Стихия – “бурная”, “дикая”, “грозная”, но и машина – “могучая”, и если лодка находится с морем в “томительном споре”, то пироскаф и стихия (ветер, океан) выступают как напарники, что подчеркивается и фонетически:

Братствуя с паром,
Ветру наш парус раздался недаром:
Пенясь, глубоко вздохнул океан!

″“Братствуя с паром” – вот ответ на все вопросы и начало новых вопросов. Он [Боратынский – М. А.], писавший о том, что никогда поэзия и наука не соединятся, никогда не поймут друг друга, – теперь пишет о братстве “паруса” и “пара”″ [5, 261]. Человек ставит природу на службу себе, на службу своей мечте. Здесь – так искомый Е. Боратынским синтез.

Тем не менее, от понятия судьбы, которое так крепко укоренено в сознании поэта и с ранних лет тесно связано с образом морской стихии, Боратынский не уходит. Просто судьба, рок сменяются для него понятиями фортуны, удачи.

Наше трехдневное мореплавание останется мне одним из моих приятнейших воспоминаний <…>. Вдосуге здоровья я не сходил с палубы, глядел днем и ночью на волны. Не было бури, но как это называли наши французские матросы: trеs gros temps <крепкая погода>, следственно, живость без опасности <…>. На море страх чего-то грозного, хотя не вседневного, взаимные страдания или их присутствие на минуту связывают людей, как будто бы не было не только московского, но и парижского света. На корабле, ночью, я написал несколько стиховписал Е. Боратынский друзьям из Неаполя [1, 320–321]. Это было еще одно сбывшееся детское желание, потому вполне понятно, что в письме очевидно оглядка на детство и юношескую пору, мечты о буре. В традиции русской и мировой литературы – символизировать душевное состояние человека через параллели с морем, его состояниями, шире – с миром природы в целом. В случае с Е. Боратынским это связь обоюдная: море предстает перед ним иным, нежели в юношеских романтических грезах, но и он теперь, уже зрелый, видит море другим, успокоенным, а морской термин “живость без опасности” вскрывает его умонастроение периода путешествия: он вновь оживает душой. “С брегом набрежное скрылось, ушло!” – вода приносит очищение, а путешествие морем в определенных смыслах предстает как переезд через Лету.
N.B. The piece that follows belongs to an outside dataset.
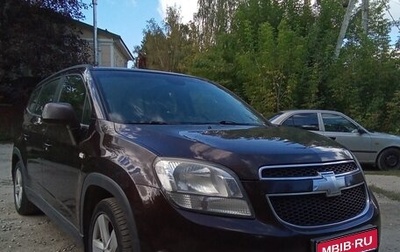 Chevrolet Orlando I, 2013 год, 900 000 рублей, 1 фотография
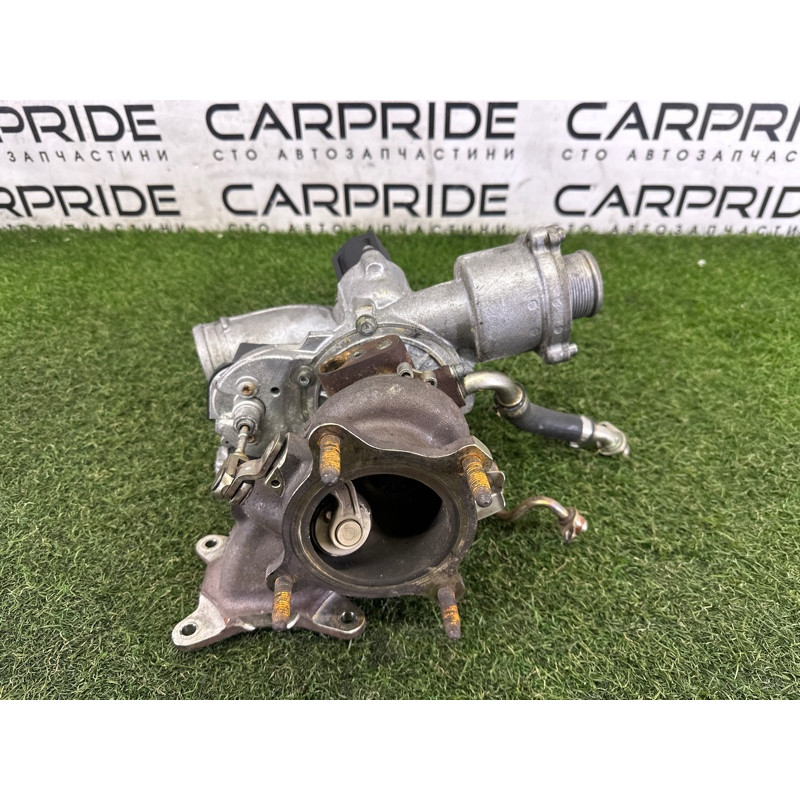 Турбина (выпускная система) AUDI A4 B9 2017 2.0 TFSI 06L145654C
В стихах и письмах Е. Боратынского находим и отголоски жизни прибрежных городов: северных – Роченсальма (Котки), Фридрихсгама, южных – Марселя, Неаполя. О последнем – особенно много упоминаний. Он очень солнечный, колоритный, многоцветный: смелая смесь зеленого (“зелень узорная, неувядаемая”, “ярко зеленый, резко отделяющийся лист здешних деревьев”, “свежая зелень итальянского сена”); красного (“красная шапка” неаполитанца, “малиновые цветы”, “пары пурпуровые”, причем звуковые повторы усиливают эффект); лазоревого (“яркая пелена лазоревых валов”, “лазоревая урна”); желтого, золотистого, даже солнечного (“янтарный виноград, лимон её златой <…>”), с живительным морским воздухом [1, 321]. Жизнь неаполитанцев и семьи Боратынских “в Villa Reale, над заливом” монотонна, но не скучна, а блаженна: “Веселый нрав неаполитанцев, их необыкновенная живость, беспрестанные катанья, процессии, приходские праздники с феерверками, все это так ярмарочно, так безусловно весело, что нельзя не увлечься, не отдаться детски преглупому и пресчастливому рассеянию. Мне эта жизнь отменно по сердцу: гуляем, купаемся, потеем и ни о чем не думаем, по крайней мере, не останавливаемся долго на одной мысли: это не в здешнем климате” [1, 322–323]. Однако именно в Неаполе, на берегу так любимого поэтом моря, завершился его жизненный путь.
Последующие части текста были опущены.